> BRIEF:
Using the data below, transcribe exactly everything from the line that contains "Hi everyone, so" down to the line that contains "Hey, what's up". Include both of those lines and none of the pictures.

> TASK DATA:
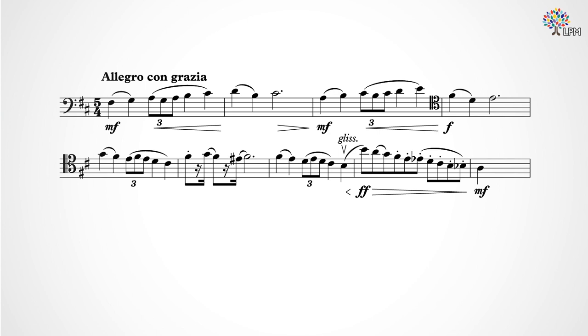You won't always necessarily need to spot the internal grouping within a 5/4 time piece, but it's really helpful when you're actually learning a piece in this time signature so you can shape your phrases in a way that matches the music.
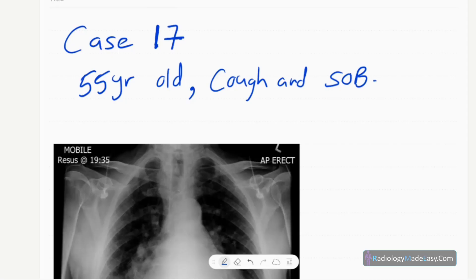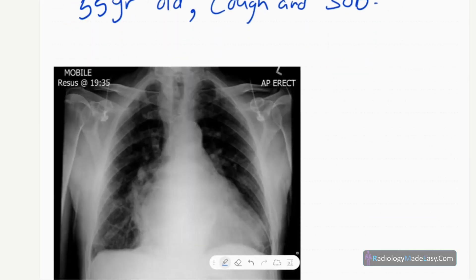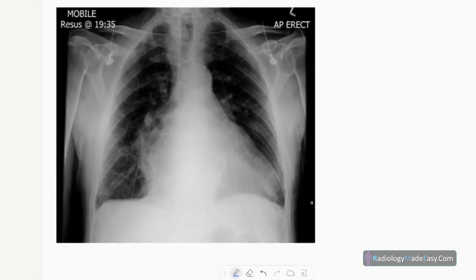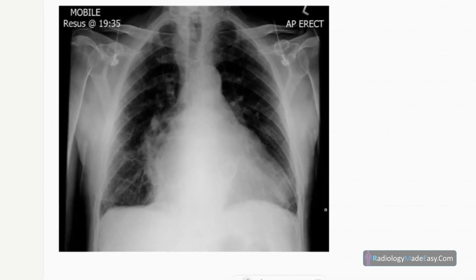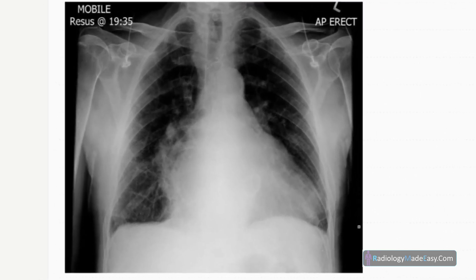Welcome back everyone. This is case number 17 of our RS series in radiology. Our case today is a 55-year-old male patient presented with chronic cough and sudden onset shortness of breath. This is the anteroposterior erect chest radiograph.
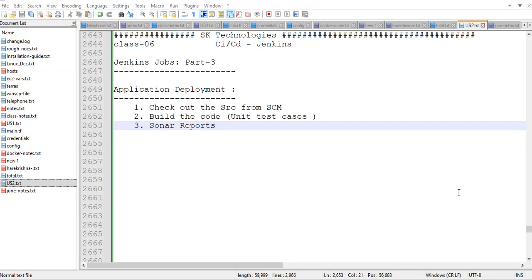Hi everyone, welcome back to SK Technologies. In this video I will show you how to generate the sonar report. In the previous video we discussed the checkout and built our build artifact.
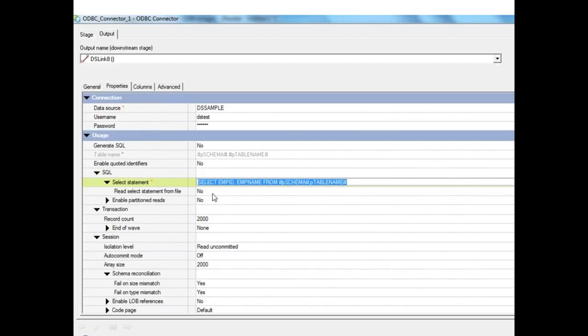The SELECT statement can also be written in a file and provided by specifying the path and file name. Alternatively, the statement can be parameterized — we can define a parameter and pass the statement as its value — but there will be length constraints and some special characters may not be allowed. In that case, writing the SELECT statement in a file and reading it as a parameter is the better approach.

...

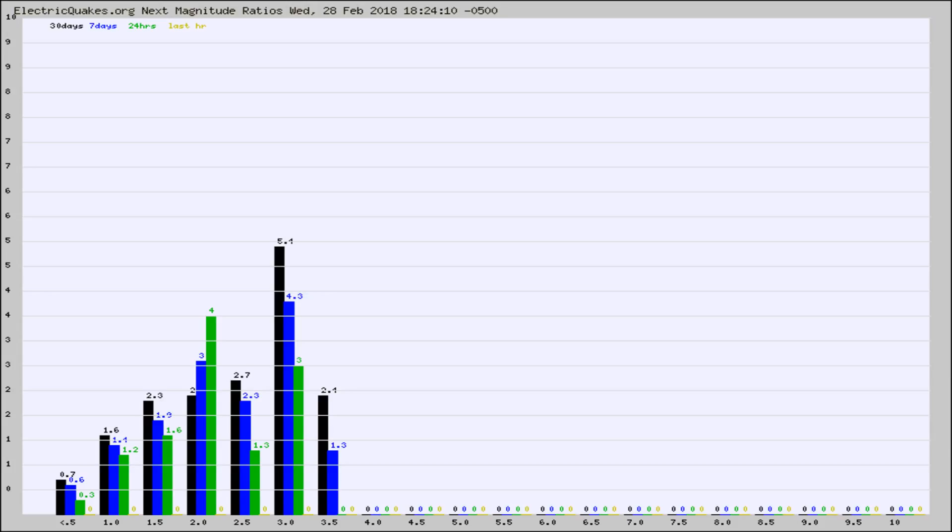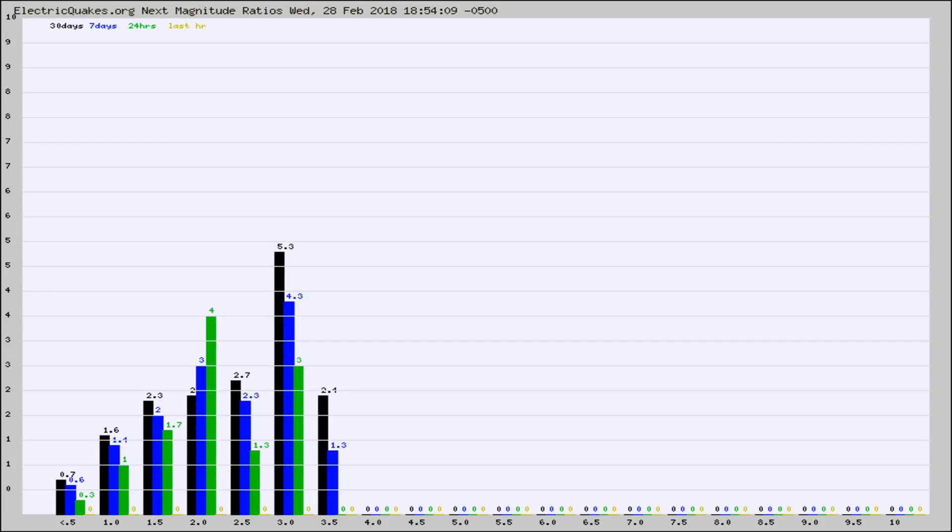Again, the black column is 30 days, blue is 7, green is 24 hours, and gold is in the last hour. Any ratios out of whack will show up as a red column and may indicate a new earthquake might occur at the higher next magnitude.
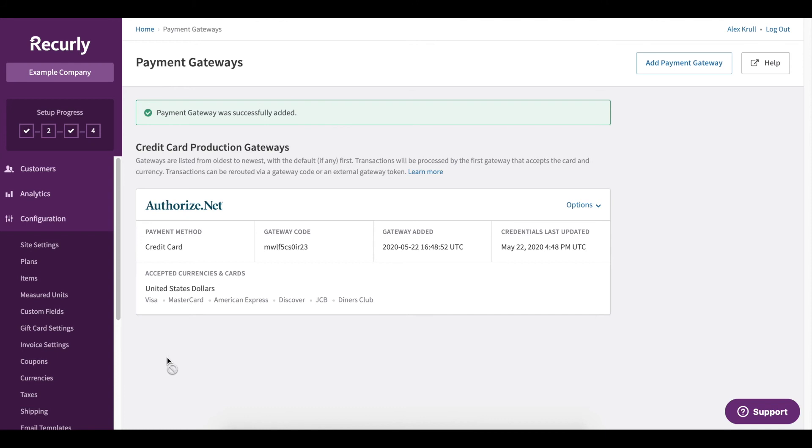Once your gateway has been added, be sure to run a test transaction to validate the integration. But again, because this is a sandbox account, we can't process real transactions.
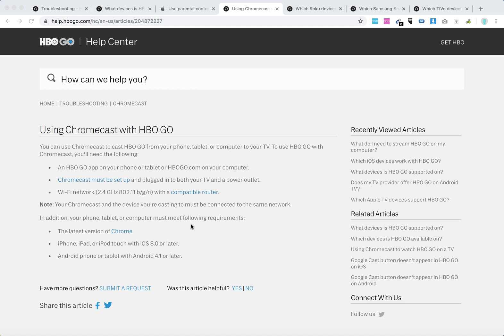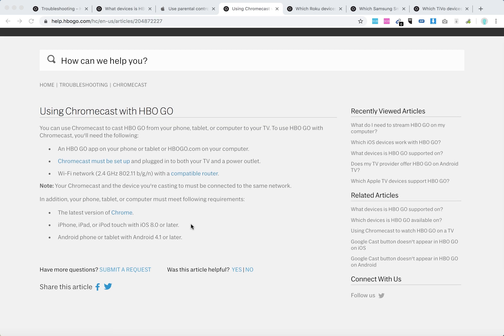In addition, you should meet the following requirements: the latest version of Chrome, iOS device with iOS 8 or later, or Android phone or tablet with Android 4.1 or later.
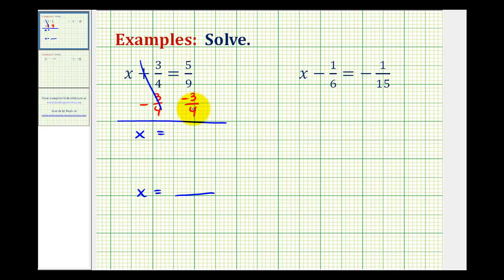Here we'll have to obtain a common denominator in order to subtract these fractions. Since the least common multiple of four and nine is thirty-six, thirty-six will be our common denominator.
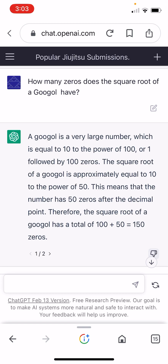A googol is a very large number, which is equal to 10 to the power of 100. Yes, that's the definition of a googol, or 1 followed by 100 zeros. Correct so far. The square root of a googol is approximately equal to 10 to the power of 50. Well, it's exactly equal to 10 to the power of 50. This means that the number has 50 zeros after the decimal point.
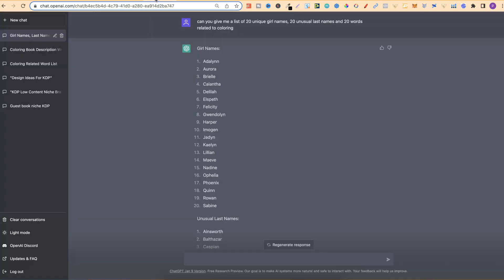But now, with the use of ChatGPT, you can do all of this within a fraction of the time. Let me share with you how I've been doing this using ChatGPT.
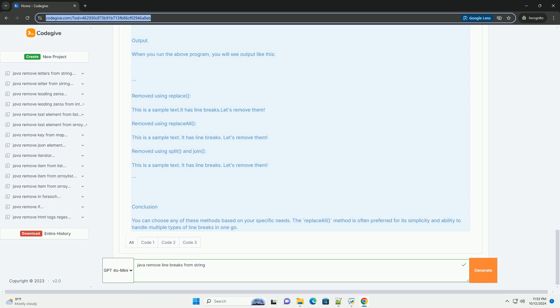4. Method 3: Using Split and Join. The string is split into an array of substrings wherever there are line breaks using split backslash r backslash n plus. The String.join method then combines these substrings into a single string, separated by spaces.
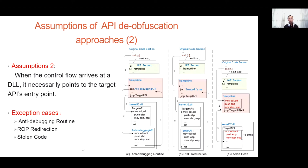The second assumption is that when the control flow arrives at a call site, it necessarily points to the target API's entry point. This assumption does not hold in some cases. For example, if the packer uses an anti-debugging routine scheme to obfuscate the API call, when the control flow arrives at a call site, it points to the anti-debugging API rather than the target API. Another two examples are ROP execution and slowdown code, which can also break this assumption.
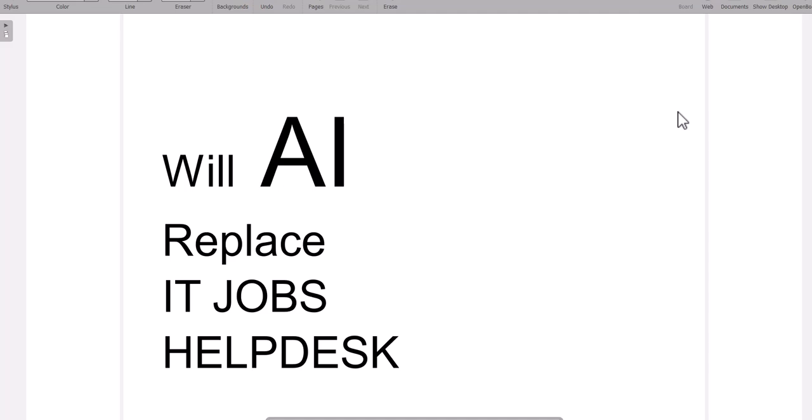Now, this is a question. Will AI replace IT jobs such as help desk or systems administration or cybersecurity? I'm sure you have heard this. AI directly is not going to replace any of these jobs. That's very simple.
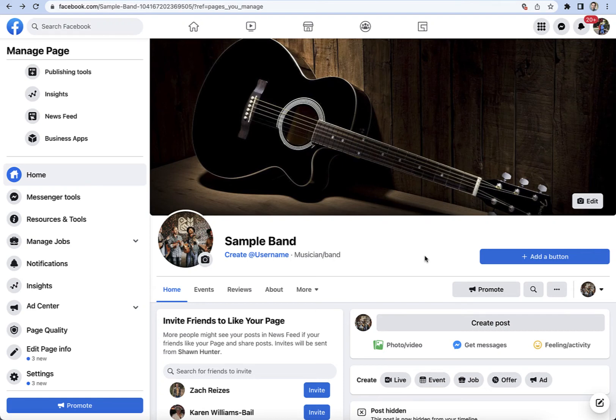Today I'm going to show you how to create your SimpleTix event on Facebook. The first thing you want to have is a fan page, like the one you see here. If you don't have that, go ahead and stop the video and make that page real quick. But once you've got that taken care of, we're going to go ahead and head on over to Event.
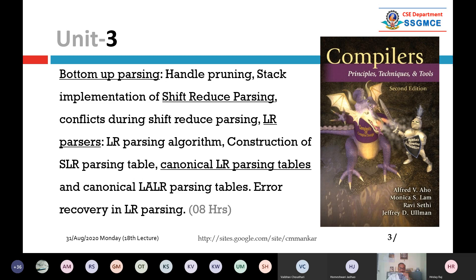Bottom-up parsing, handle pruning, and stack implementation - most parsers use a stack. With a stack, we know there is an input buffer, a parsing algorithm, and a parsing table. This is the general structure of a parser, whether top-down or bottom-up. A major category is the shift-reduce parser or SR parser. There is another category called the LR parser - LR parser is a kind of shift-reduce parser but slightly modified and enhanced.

...

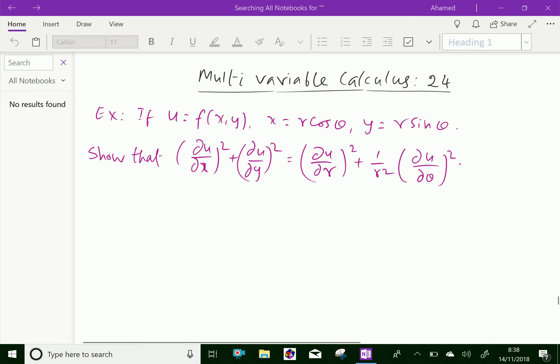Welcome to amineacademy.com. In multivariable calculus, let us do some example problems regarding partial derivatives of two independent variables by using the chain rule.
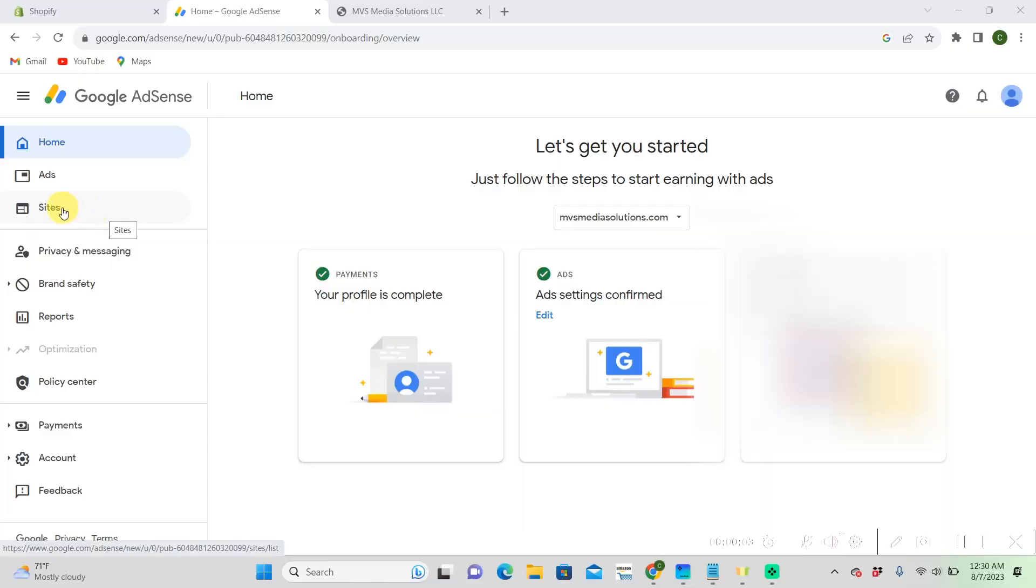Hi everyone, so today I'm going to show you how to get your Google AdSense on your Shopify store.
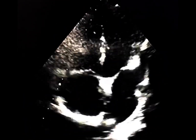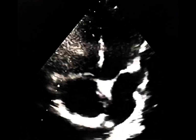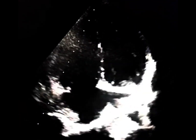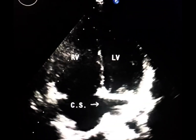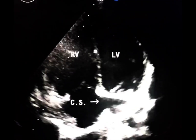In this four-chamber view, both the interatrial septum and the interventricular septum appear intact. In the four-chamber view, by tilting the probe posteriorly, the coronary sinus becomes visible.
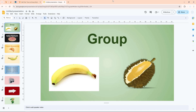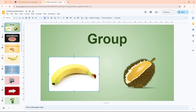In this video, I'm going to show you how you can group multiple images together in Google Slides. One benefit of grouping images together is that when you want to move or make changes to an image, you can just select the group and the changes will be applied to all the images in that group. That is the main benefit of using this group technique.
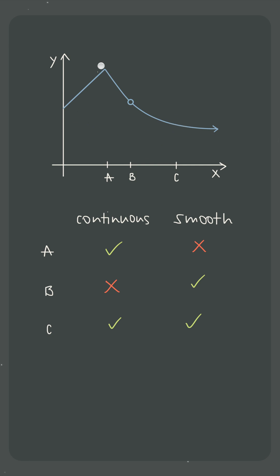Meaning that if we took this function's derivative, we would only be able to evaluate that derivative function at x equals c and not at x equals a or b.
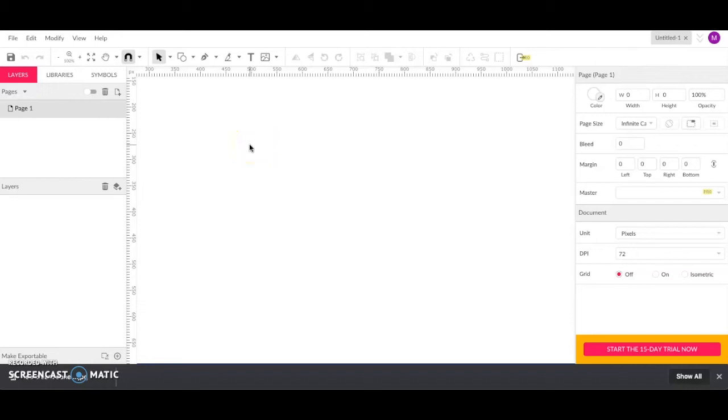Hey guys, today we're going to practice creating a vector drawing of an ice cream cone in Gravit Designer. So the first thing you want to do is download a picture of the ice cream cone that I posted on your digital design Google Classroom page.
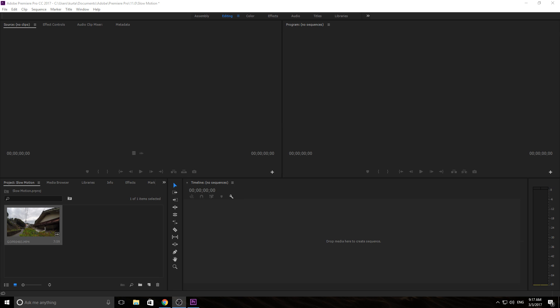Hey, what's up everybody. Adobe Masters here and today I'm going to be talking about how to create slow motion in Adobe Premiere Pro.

> ANSWER TO THIS PROBLEM:
Hi everyone, so today I'm going to show you how to get your Google AdSense on your Shopify store.
In this four-chamber view, both the interatrial septum and the interventricular septum appear intact. In the four-chamber view, by tilting the probe posteriorly, the coronary sinus becomes visible.
In this video, I'm going to show you how you can group multiple images together in Google Slides. One benefit of grouping images together is that when you want to move or make changes to an image, you can just select the group and the changes will be applied to all the images in that group. That is the main benefit of using this group technique.
Meaning that if we took this function's derivative, we would only be able to evaluate that derivative function at x equals c and not at x equals a or b.
Hey guys, today we're going to practice creating a vector drawing of an ice cream cone in Gravit Designer. So the first thing you want to do is download a picture of the ice cream cone that I posted on your digital design Google Classroom page.
Hey, what's up everybody. Adobe Masters here and today I'm going to be talking about how to create slow motion in Adobe Premiere Pro.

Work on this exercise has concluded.